Unitholders have very limited voting rights and, even if they are dissatisfied, they cannot remove our general partner without its consent.
Unlike the holders of common stock in a corporation, unitholders have only limited voting rights on matters affecting our business and, therefore, limited ability to influence management’s decisions regarding our business. Unitholders do not elect our general partner or the board of directors of our general partner and have no right to elect our general partner or the board of directors of our general partner on an annual or other continuing basis. The board of directors of our general partner is chosen by the members of our general partner, which is indirectly owned by USD. Furthermore, if the unitholders are dissatisfied with the performance of our general partner, they will have little ability to remove our general partner. As a result of these limitations, the price at which our common units trade could be diminished because of the absence or reduction of a takeover premium in the trading price.
The unitholders are unable initially to remove our general partner without its consent because our general partner and its affiliates own sufficient units to prevent its removal. The vote of the holders of at least 66 2/3% of all outstanding units voting together as a single class is required to remove our general partner. At December 31, 2019, our general partner and its affiliates own 42.9% of the limited partnership interests entitled to vote in this matter (excluding general partner units and without consideration of any common units held by our officers, directors, employees and certain other persons affiliated
41
with us). Also, if our general partner is removed without cause during the time any subordinated units are outstanding and the subordinated units held by our general partner and its affiliates are not voted in favor of that removal, all remaining subordinated units will automatically be converted into common units, and any existing arrearages on the common units will be extinguished. A removal of our general partner under these circumstances would adversely affect the common units by prematurely eliminating their distribution and liquidation preference over the subordinated units, which would otherwise have continued until we had met certain distribution and performance tests.

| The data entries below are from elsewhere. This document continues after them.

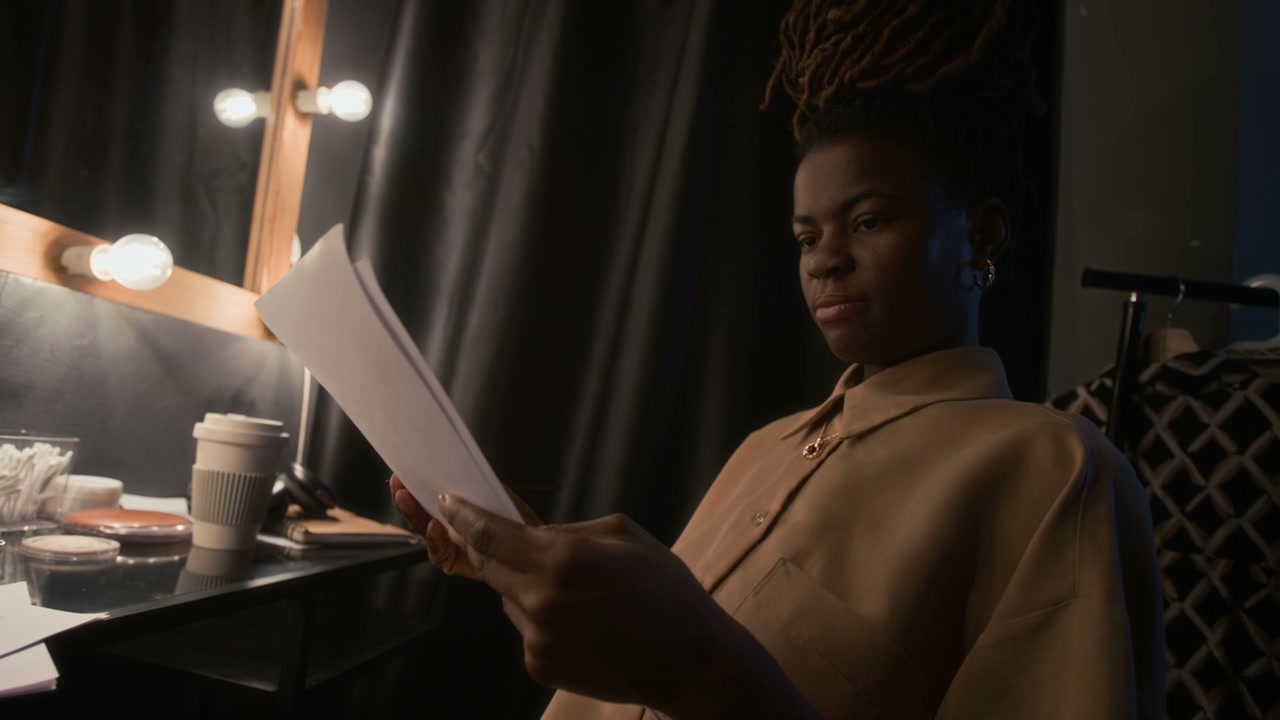 Comedian Rehearsing Script Backstage
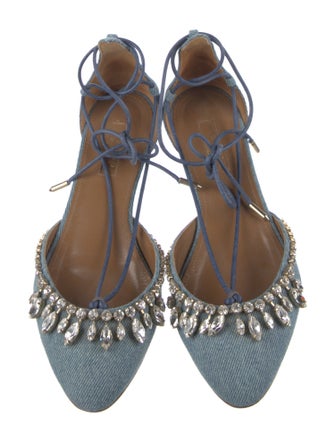 Aquazzura Denim Crystal Embellishments Flats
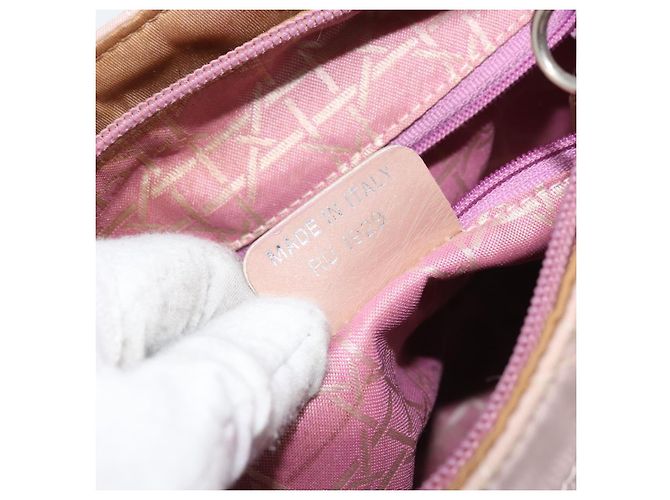 Borsa a mano Canage Christian Dior Nylon 2way Rosa Argento Auth YKZ135 - vista 12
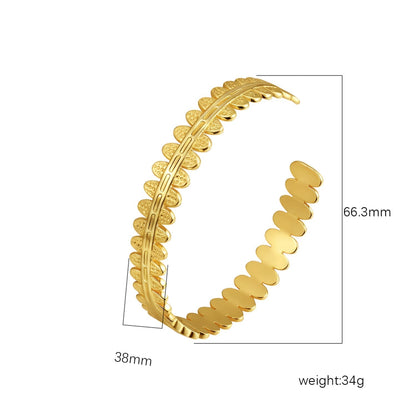 Chic Women's Open-End Stainless Steel C-Shaped Cuff Bracelet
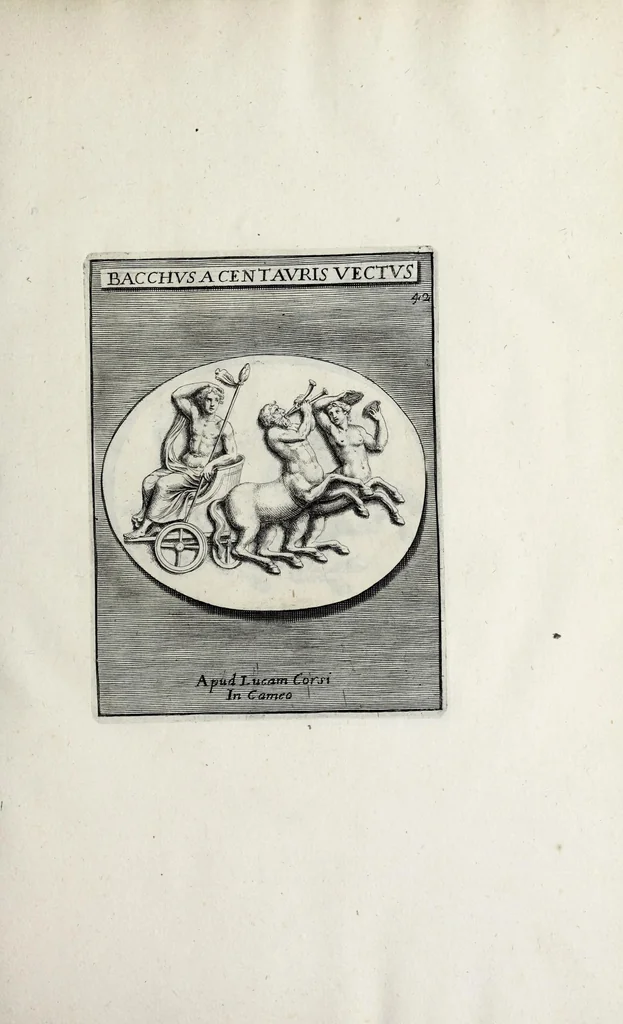 An illustration from Romanum museum, sive, Thesaurus eruditae antiquitatis : in quo gemmae, idola, insignia sacerdotalia, instrumenta sacrificijs inservientia, lucernae, vasa, bullae, armillae, fibulae, claves, annuli, tesserae, styli, strigiles, gutti, phialae lacrymatoriae, vota, signa militaria, &c. centum & septuaginta tabulis aeneis incisa referuntur ac dilucidantur, 1690, leaf 141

“Cause” is narrowly defined under our partnership agreement to mean that a court of competent jurisdiction has entered a final, non-appealable judgment finding the general partner liable for actual fraud or willful misconduct in its capacity as our general partner. Cause does not include most cases of charges of poor management of the business, so the removal of our general partner because of the unitholders’ dissatisfaction with our general partner’s performance in managing us will most likely result in the automatic conversion to common units of all remaining outstanding subordinated units.
Furthermore, unitholders’ voting rights are further restricted by the partnership agreement provision providing that any units held by a person that owns 20.0% or more of any class of units then outstanding, other than our general partner, its affiliates, their transferees, and persons who acquired such units with the prior approval of the board of directors of our general partner, cannot vote on any matter.
Our partnership agreement also contains provisions limiting the ability of unitholders to call meetings or to acquire information about our operations, as well as other provisions limiting the unitholders’ ability to influence the manner or direction of management.
Our general partner interest or the control of our general partner may be transferred to a third party without unitholder consent.
Our general partner may transfer its general partner interest to a third party at any time without the consent of the unitholders. Furthermore, there is no restriction in our partnership agreement on the ability of USD Group LLC to transfer its membership interest in our general partner to a third party. The new owners of our general partner would then be in a position to replace the board of directors and officers of our general partner with their own choices and to control the decisions taken by the board of directors and officers.
The incentive distribution rights of our general partner may be transferred to a third party without unitholder consent.
Our general partner may transfer its incentive distribution rights to a third party at any time without the consent of our unitholders. If our general partner transfers its incentive distribution rights to a third party but retains its general partner interest, our general partner may not have the same incentive to grow our partnership and increase quarterly distributions to unitholders over time as it would if it had retained ownership of its incentive distribution rights. For example, a transfer of incentive distribution rights by our general partner could reduce the likelihood of USD selling or contributing additional midstream infrastructure assets and businesses to us, as USD would have less of an economic incentive to grow our business, which in turn would impact our ability to grow our asset base.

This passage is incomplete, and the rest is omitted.